◆ EXERCISE INPUTS ◆
________

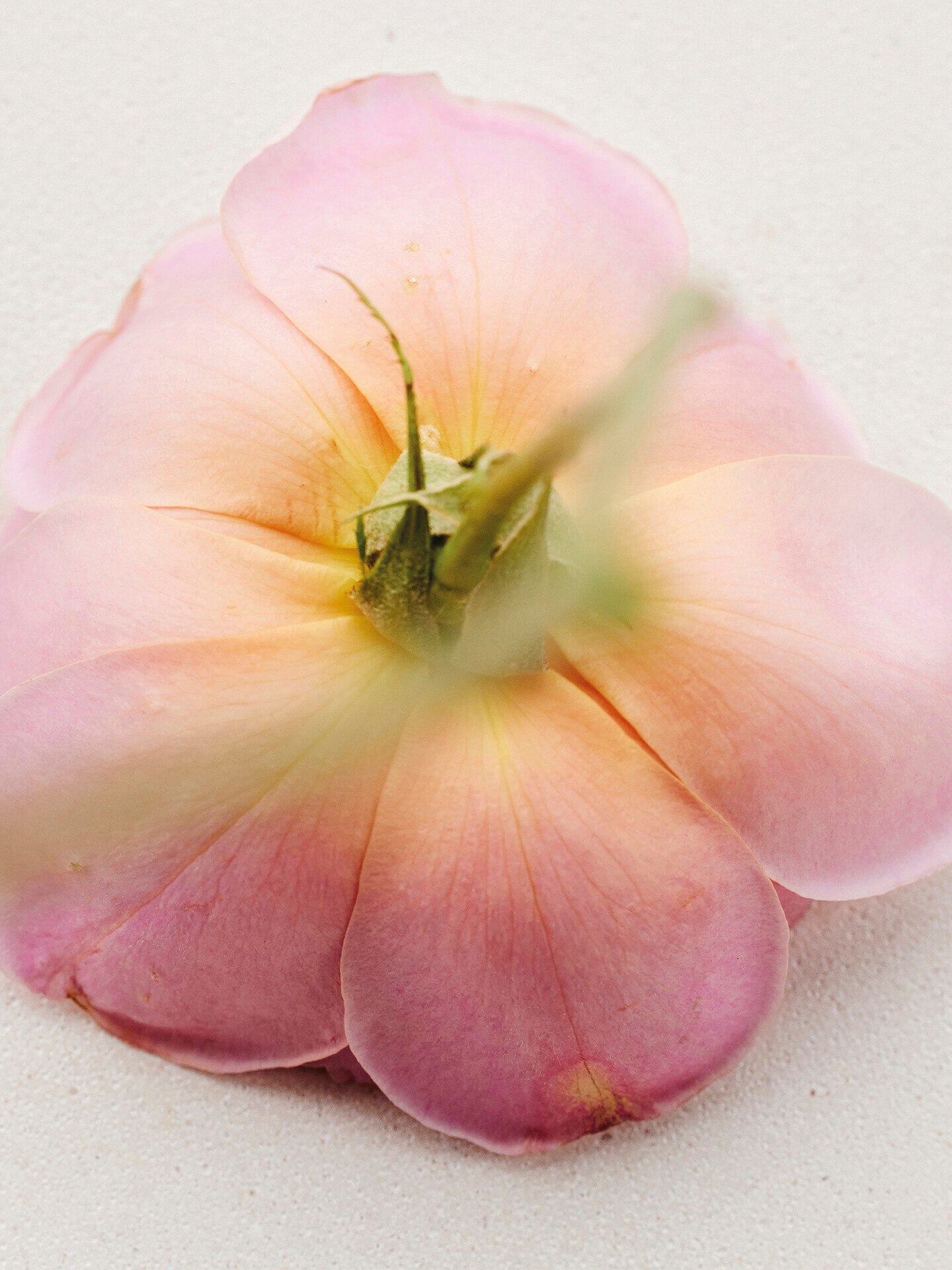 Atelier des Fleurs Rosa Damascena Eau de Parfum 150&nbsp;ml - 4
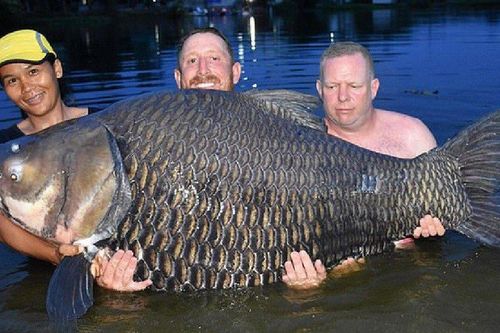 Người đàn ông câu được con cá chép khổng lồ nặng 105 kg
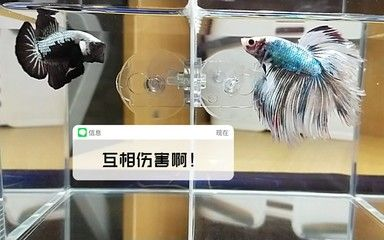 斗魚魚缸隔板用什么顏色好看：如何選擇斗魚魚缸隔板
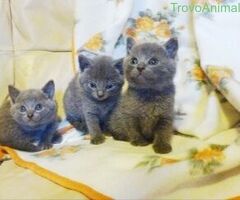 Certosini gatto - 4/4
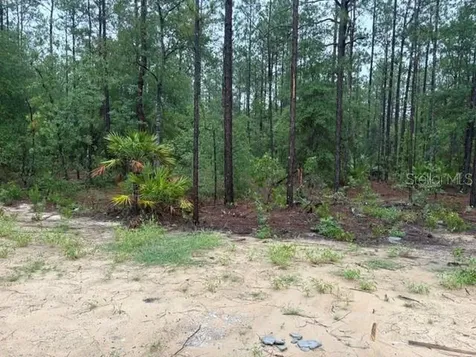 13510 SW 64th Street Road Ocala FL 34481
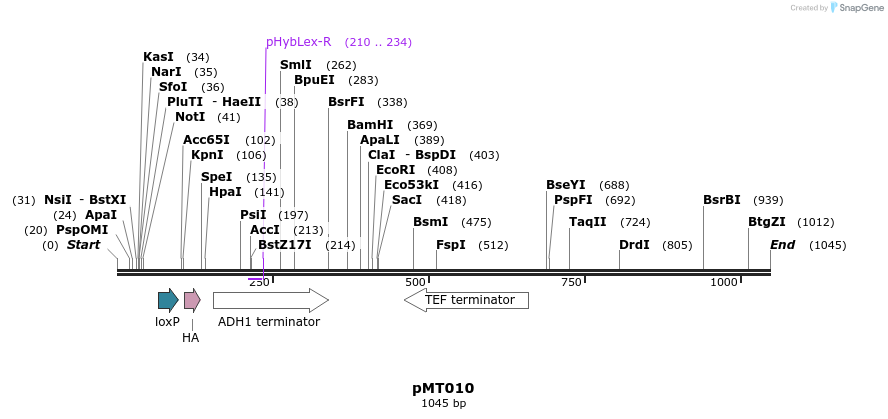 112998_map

________

◆ YOUR ASSIGNMENT ◆
All entries above should be printed exactly, though without their pictures.

◆ EXERCISE OUTPUT ◆
 Atelier des Fleurs Rosa Damascena Eau de Parfum 150&nbsp;ml - 4
 Người đàn ông câu được con cá chép khổng lồ nặng 105 kg
 斗魚魚缸隔板用什么顏色好看：如何選擇斗魚魚缸隔板
 Certosini gatto - 4/4
 13510 SW 64th Street Road Ocala FL 34481
 112998_map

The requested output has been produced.